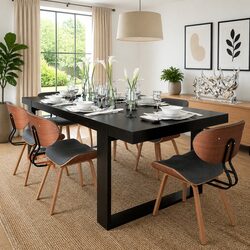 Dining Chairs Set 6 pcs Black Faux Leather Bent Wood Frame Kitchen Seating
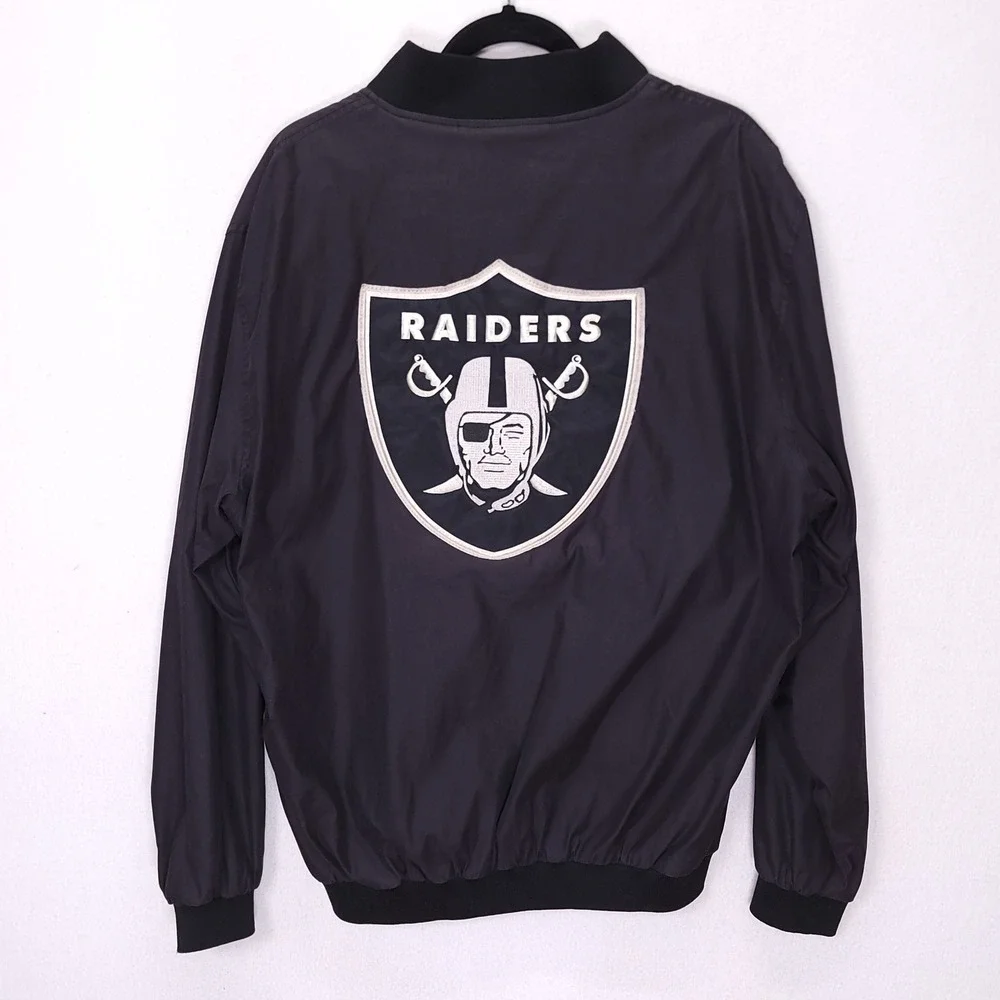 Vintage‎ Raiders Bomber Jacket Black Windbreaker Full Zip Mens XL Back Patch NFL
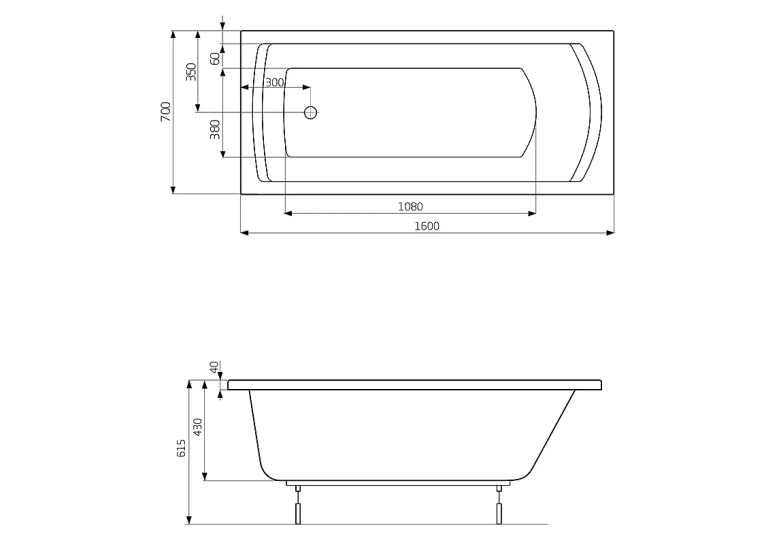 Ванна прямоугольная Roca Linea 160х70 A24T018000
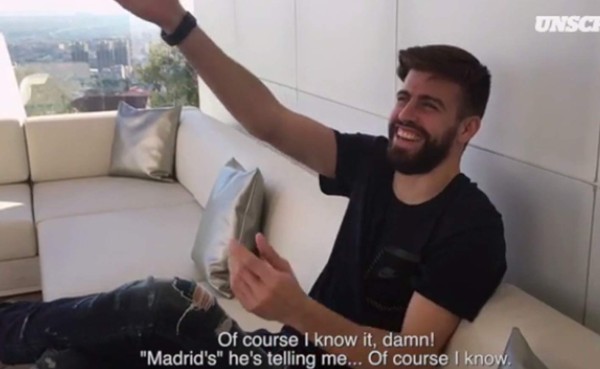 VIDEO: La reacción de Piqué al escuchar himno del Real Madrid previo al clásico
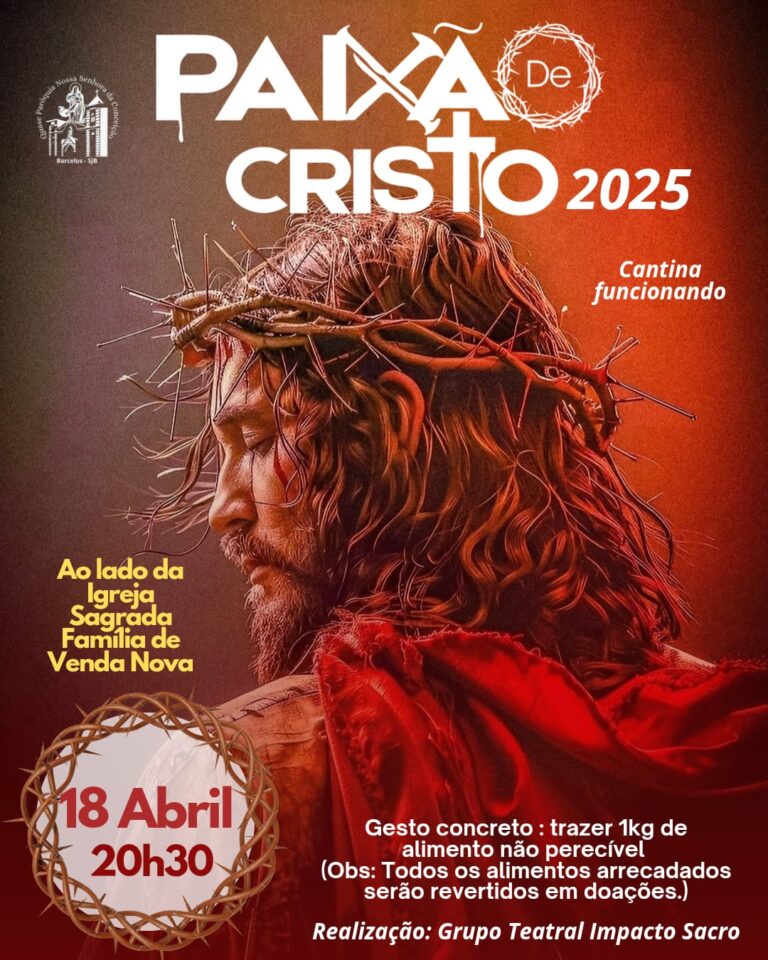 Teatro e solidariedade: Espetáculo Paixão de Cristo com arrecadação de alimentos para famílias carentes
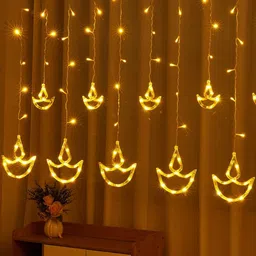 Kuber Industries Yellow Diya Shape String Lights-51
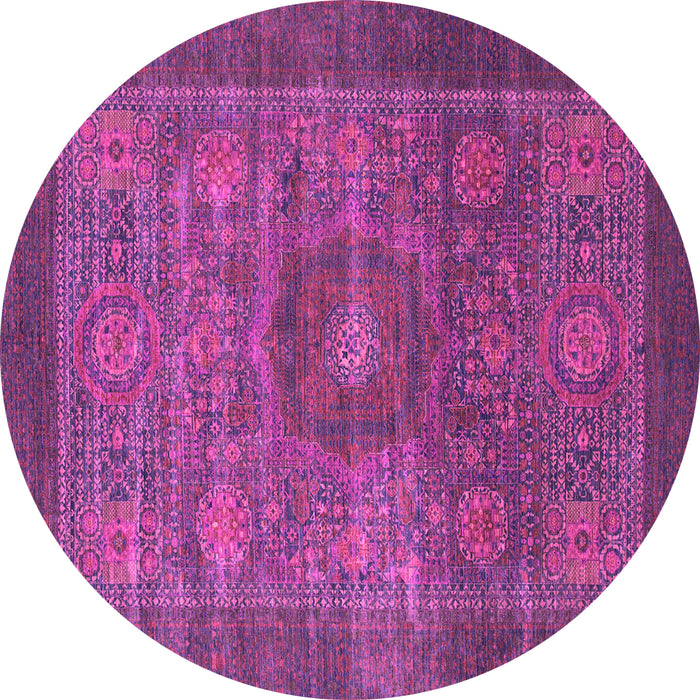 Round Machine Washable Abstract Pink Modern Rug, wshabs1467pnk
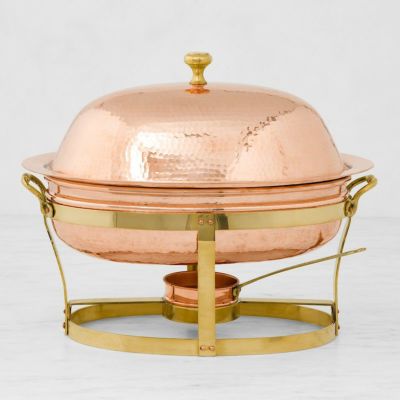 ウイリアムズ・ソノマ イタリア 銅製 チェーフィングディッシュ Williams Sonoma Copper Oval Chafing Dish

....................

* ASSIGNMENT *
Every entry above is to be set down exactly; the pictures are to be left out.

* TASK RESPONSE *
 Dining Chairs Set 6 pcs Black Faux Leather Bent Wood Frame Kitchen Seating
 Vintage‎ Raiders Bomber Jacket Black Windbreaker Full Zip Mens XL Back Patch NFL
 Ванна прямоугольная Roca Linea 160х70 A24T018000
 VIDEO: La reacción de Piqué al escuchar himno del Real Madrid previo al clásico
 Teatro e solidariedade: Espetáculo Paixão de Cristo com arrecadação de alimentos para famílias carentes
 Kuber Industries Yellow Diya Shape String Lights-51
 Round Machine Washable Abstract Pink Modern Rug, wshabs1467pnk
 ウイリアムズ・ソノマ イタリア 銅製 チェーフィングディッシュ Williams Sonoma Copper Oval Chafing Dish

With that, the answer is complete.